[Stored records]
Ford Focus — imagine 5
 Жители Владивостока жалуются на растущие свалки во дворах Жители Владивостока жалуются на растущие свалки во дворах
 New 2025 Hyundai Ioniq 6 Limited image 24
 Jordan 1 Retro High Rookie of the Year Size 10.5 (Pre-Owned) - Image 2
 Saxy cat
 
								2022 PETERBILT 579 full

■ **Problem statement**
Give back every entry above, complete and exact.

■ **Output for this task**
Ford Focus — imagine 5
 Жители Владивостока жалуются на растущие свалки во дворах Жители Владивостока жалуются на растущие свалки во дворах
 New 2025 Hyundai Ioniq 6 Limited image 24
 Jordan 1 Retro High Rookie of the Year Size 10.5 (Pre-Owned) - Image 2
 Saxy cat
 
								2022 PETERBILT 579 full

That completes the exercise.